### EXERCISE AIM
Copy the following listing word for word.

### MATERIAL PROVIDED
____
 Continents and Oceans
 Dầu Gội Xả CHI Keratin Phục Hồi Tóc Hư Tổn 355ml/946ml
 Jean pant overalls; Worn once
____
### THE ANSWER
 Continents and Oceans
 Dầu Gội Xả CHI Keratin Phục Hồi Tóc Hư Tổn 355ml/946ml
 Jean pant overalls; Worn once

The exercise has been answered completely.